Ok, having said all of that, probably the biggest research news in the past week was Google DeepMind’s publication in Nature of its work on a system that can solve complex geometry problems from the International Mathematics Olympiad about as well as human competitors. It’s a potentially important breakthrough for reasons I explain here. I encourage you to read that story.

FORTUNE ON AI

‘ChatGPT moment’ with full self-drive technology—now owners may be weeks away from finding out if he can finally deliver —by Christiaan Hetzner

AI chatbot calls itself ‘useless,’ writes elaborate poem about its shortcomings, and says it works for ‘the worst delivery firm in the world’ —by Marco Quiroz-Gutierrez

The world needs an International Decade for Data–or risk splintering into AI ‘haves’ and ‘have-nots,’ UN researchers warn —by Tshilidzi Marwala and David Passarelli (Commentary)

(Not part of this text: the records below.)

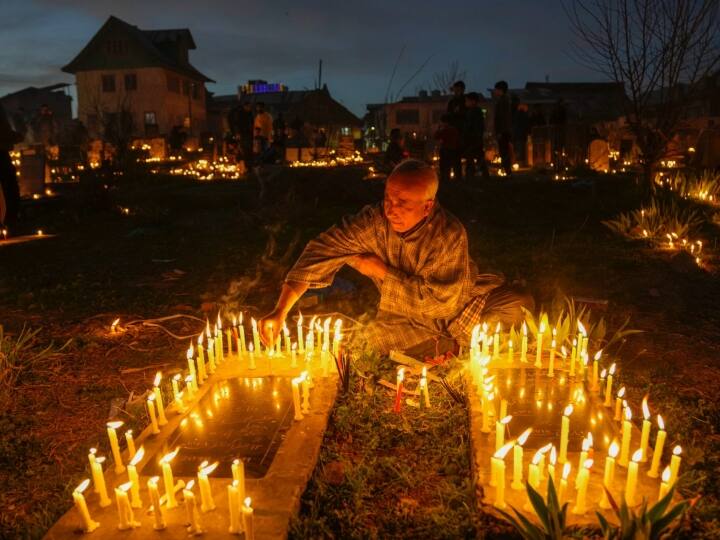 Shab-e-Barat 2023: शाबान का चांद नजर आने के बाद की मुक़द्दस शब-ए-बारात आ ही गई. मंगलवार (7 मार्च) भारत ही नहीं दुनिया के कई देशों में अल्लाह के बंदों ने दुआएं की और कब्र पर जाकर चिराग जलाए.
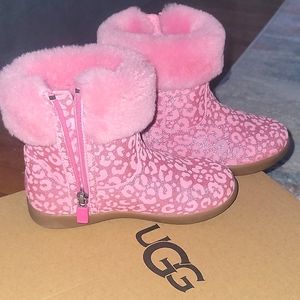 AUTHENTIC TODDLER GIRL UGG BOOTS.. Pink cheetah print toddler UGG boots size 11
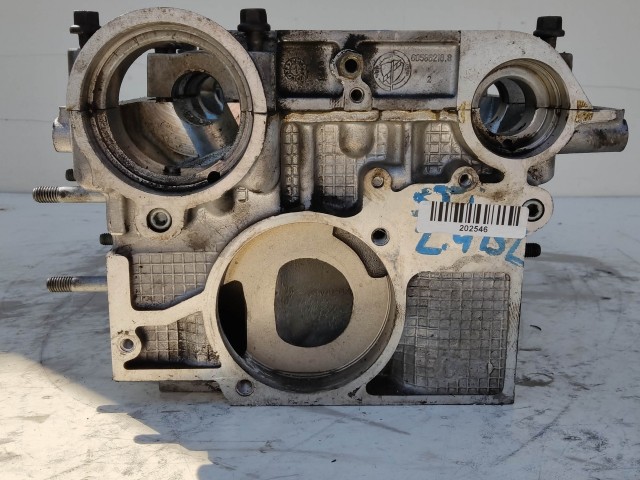 202546 Fiat Stilo 2001-2007 2,4 20v hengerfej, szelepekkel 46440603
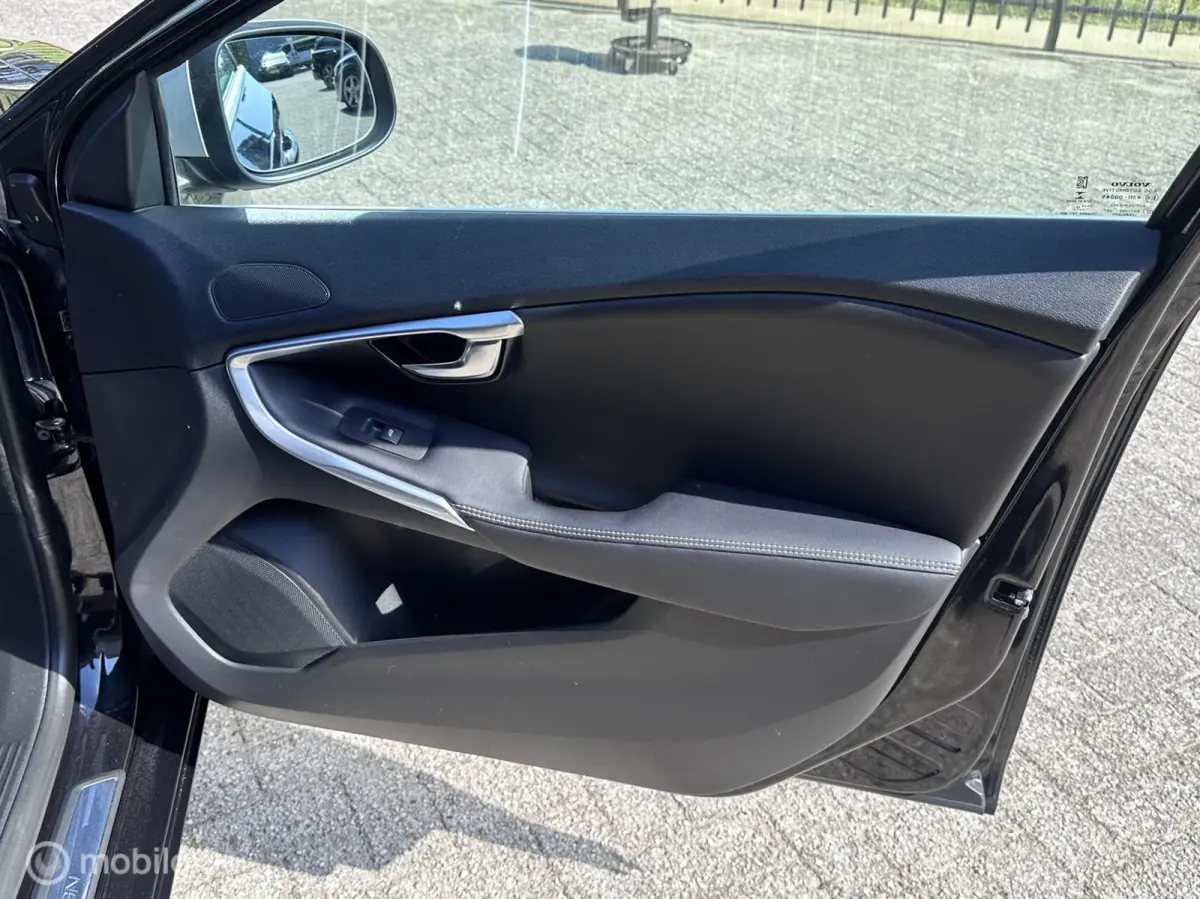 2.0 T2 R-Design|Parkeercamera|PDC V+A|Stoelverwarming|Navi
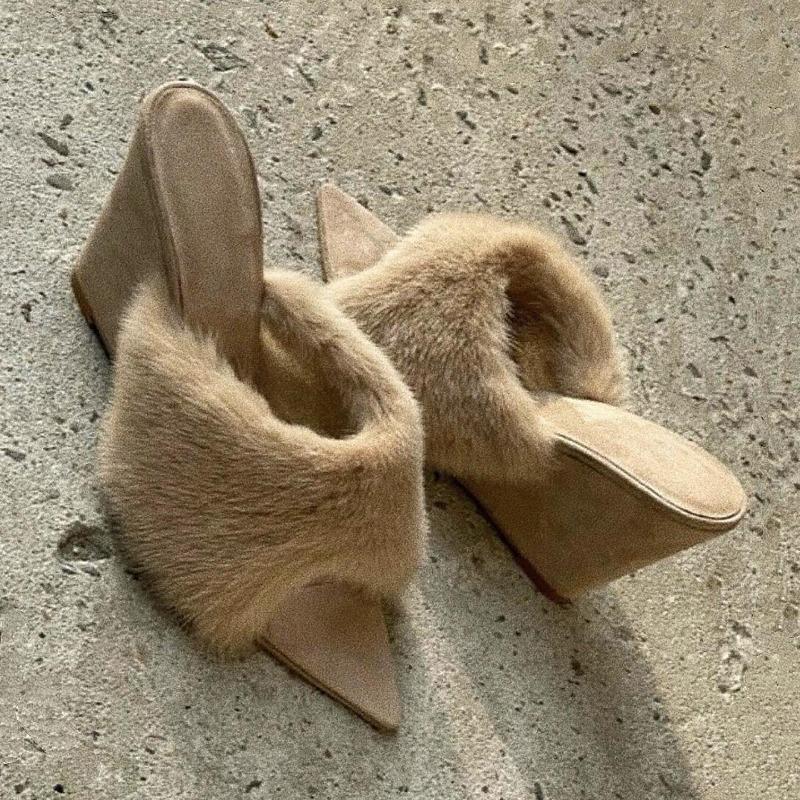 Fluffy Women Slippers Wedges P - Winter Clothing For Women 评论和价格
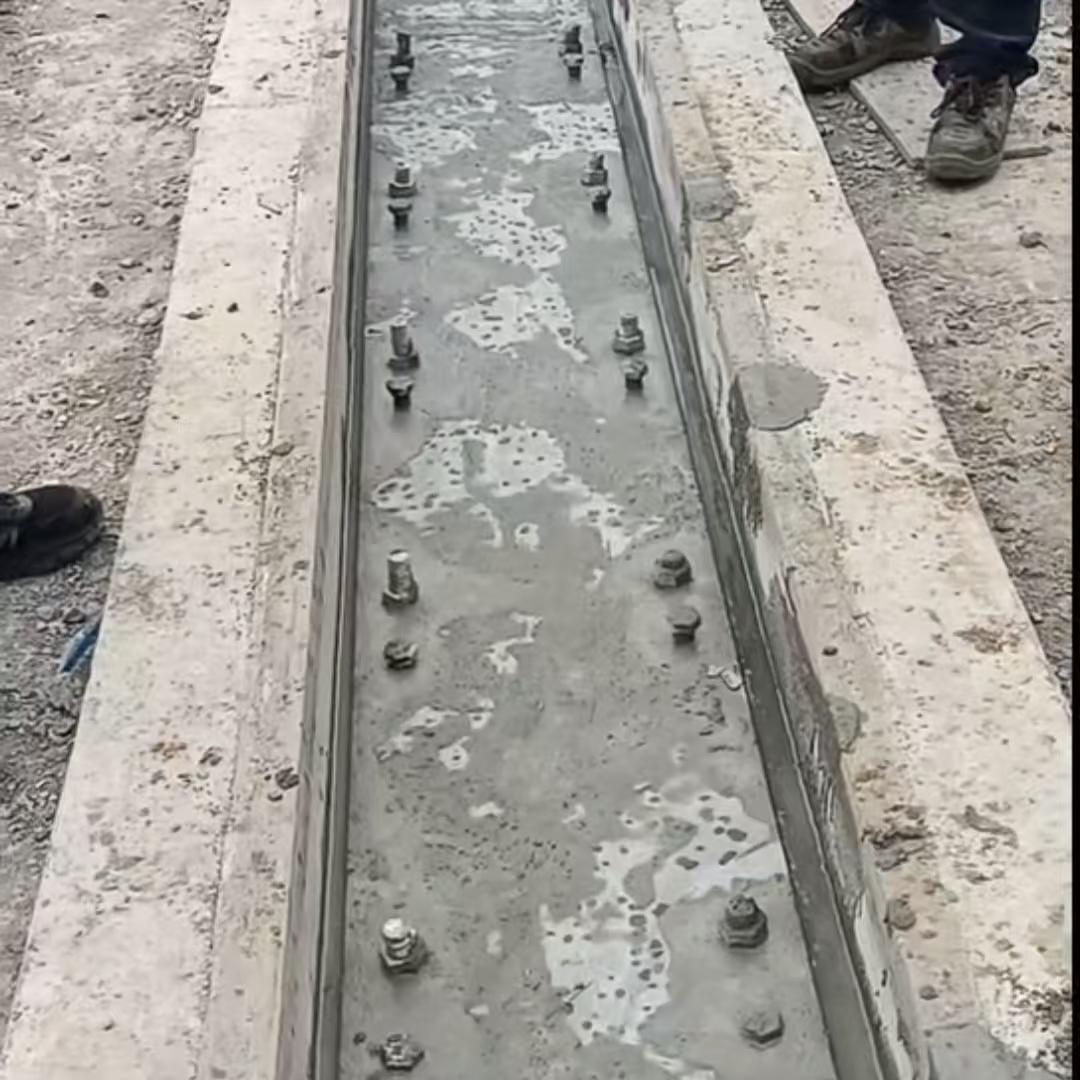 福泉港口码头起重机龙门吊重型机械设备稳固用早强快凝轨道胶泥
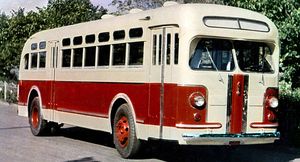 Советский гибридный автобус: заглянули в его родословную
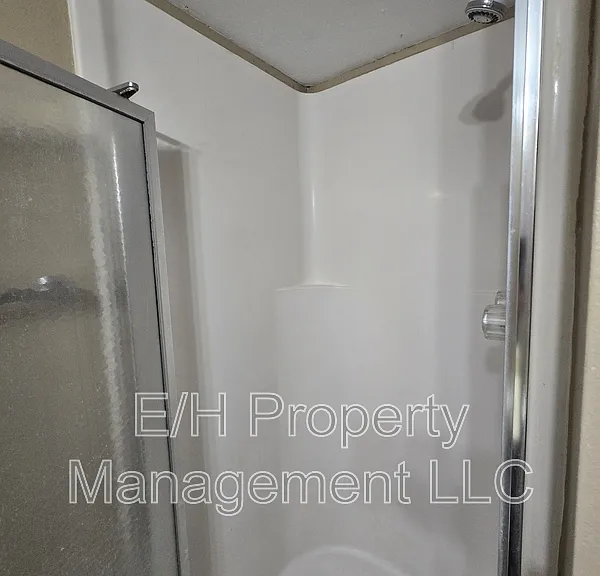 9105 W Westlawn St #1 — Photo 32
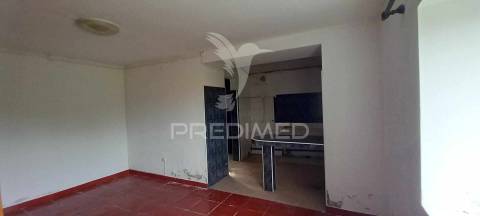 Moradia t4, para venda, em sto. antónio, são roque do pico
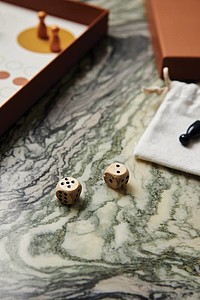 VINGA Ludo coffee table game
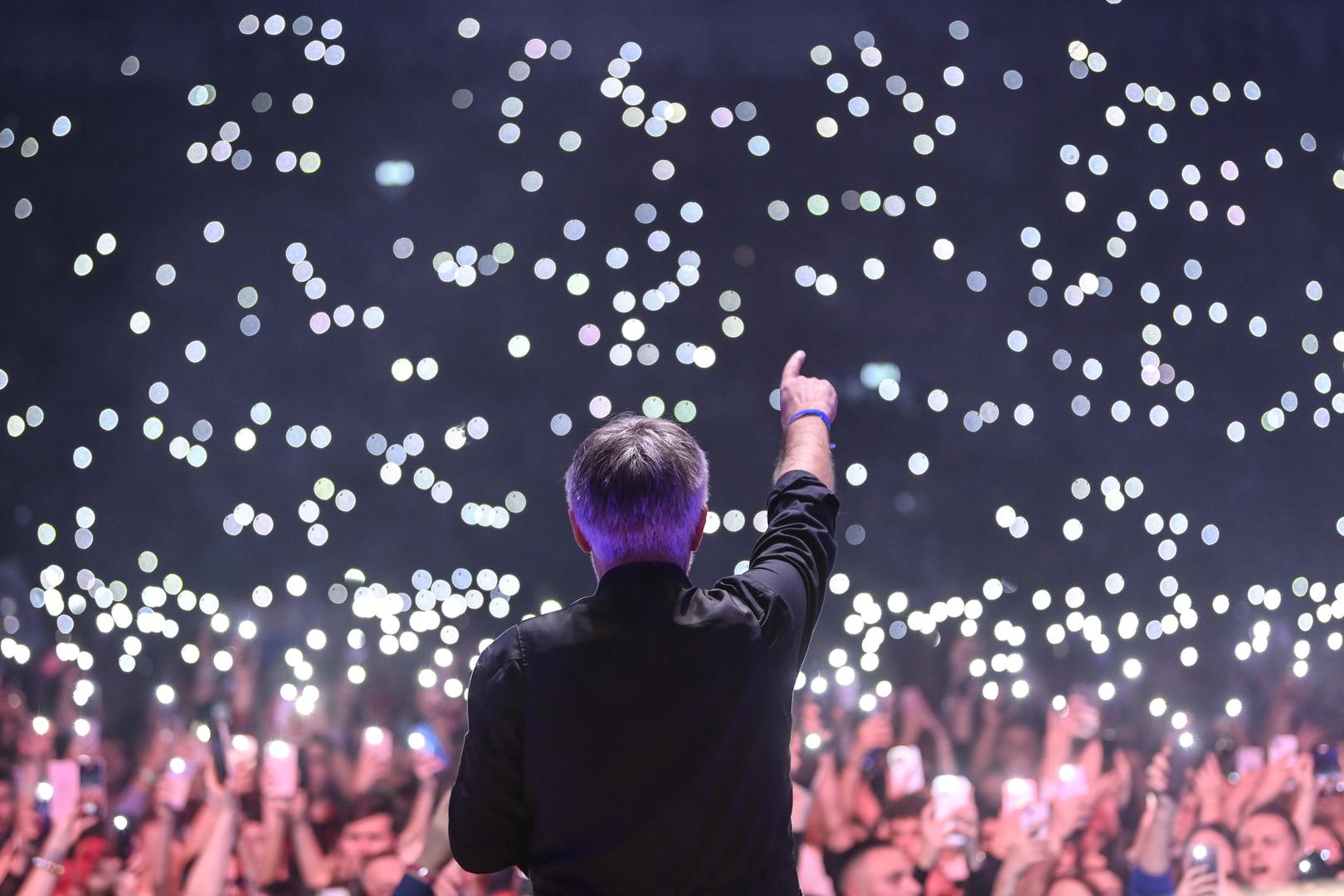 09.12.2023., Frankfurt - Hrvatska Noc , spektakularan koncert u Frankfurtu , 10 izvođača,10 sati glazbenog programa za 13 000 posjetitelja.  Najvece je okupljanje Hrvata i njihovih prijatelja u iseljenistvu . Dogadjaj na koji se ceka cijelu godinu. Na koncertu u Frankfurtu  veceras nastupaju najvece hrvatske glazbene zvijezde:  Petar Grašo, Prljavo kazaliste, Jole, Jelena Rozga, Mate Bulic, Zlatko Pejaković, Crvena jabuka, Miroslav Škoro, Mladen Grdovic, Sinisa Vuco. Tisuce Hrvata i njihovih gostiju  koji u Frankfurt dolaze iz Novog Zelanda , SAD , Europe i cijelog svijeta . Miroslav Škoro pjevao za sve poginule Hrvatske branitelje i Hrvatske generale, za Hrvatskoga covjeka koji nikada nije mrzio tudje samo je volio svoje. Photo: Igor Soban/PIXSELL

KPMG’s U.S. CEO: ‘The ubiquity of GenAI and just how disruptive it will be is creating greater demand for our services’ —by Paul Knopp (Commentary)

BRAIN FOOD

Why we should be so wary of law enforcement use of facial recognition software. If there was any doubts that the U.S. needs better regulation around law enforcement’s use of facial recognition software, a shocking story in Wired this week should silence them.

The story recounts how police in Berkeley, California (the East Bay Regional Park District Police Department to be exact) tried to generate a new lead on a cold case homicide. They first took DNA recovered from the crime scene that they thought was likely the suspect’s and gave it to a company called Parabon NanoLabs, which claims to be able to take DNA samples and run them through AI software that can output a “snapshot phenotype report” that is essentially the AI’s guess of what the person might look like. This is controversial enough, with some doubting the DNA analysis can produce images as detailed as the facial images Parabon NanoLabs produces. But then the police took that AI-generated, DNA-derived facial image and ran it through facial recognition software to try to match it to real people’s faces.

It sounds like some cool sci-fi trick. The only problem is that there is absolutely no evidence that it works. (And, in fact, using the snapshot phenotype in this way violated Parabon NanoLabs’ terms and conditions and the officer involved also was not fully transparent with the regional police body he asked for help running the image through facial recognition, telling them he had a digital image of the suspect when in fact he had nothing of the sort.)

As civil liberties groups noted, it is highly likely to result in innocent people falling under suspicion. “It’s really just junk science to consider something like this,” Jennifer Lynch, general counsel at civil liberties nonprofit the Electronic Frontier Foundation, told the publication. Worse, Wired interviewed a number of police officials who basically said they saw nothing wrong with what the police in Berkeley had tried. (And the reporter found other cases where police departments had fed composite sketches to facial recognition software, which is almost as bad as what the Berkeley cops did.)

This is further evidence that the police simply can’t be trusted to use AI software responsibly. The police officers involved don’t seem to actually understand the underlying technology and its limitations and how those limitations might impact an investigation. Instead, they want magic wand solutions—and the companies selling this technology to law enforcement are only too happy to market their software to them in this way. This is why state and federal rules requiring the police to understand the risks of the software they are using and to take steps to mitigate those risks is essential.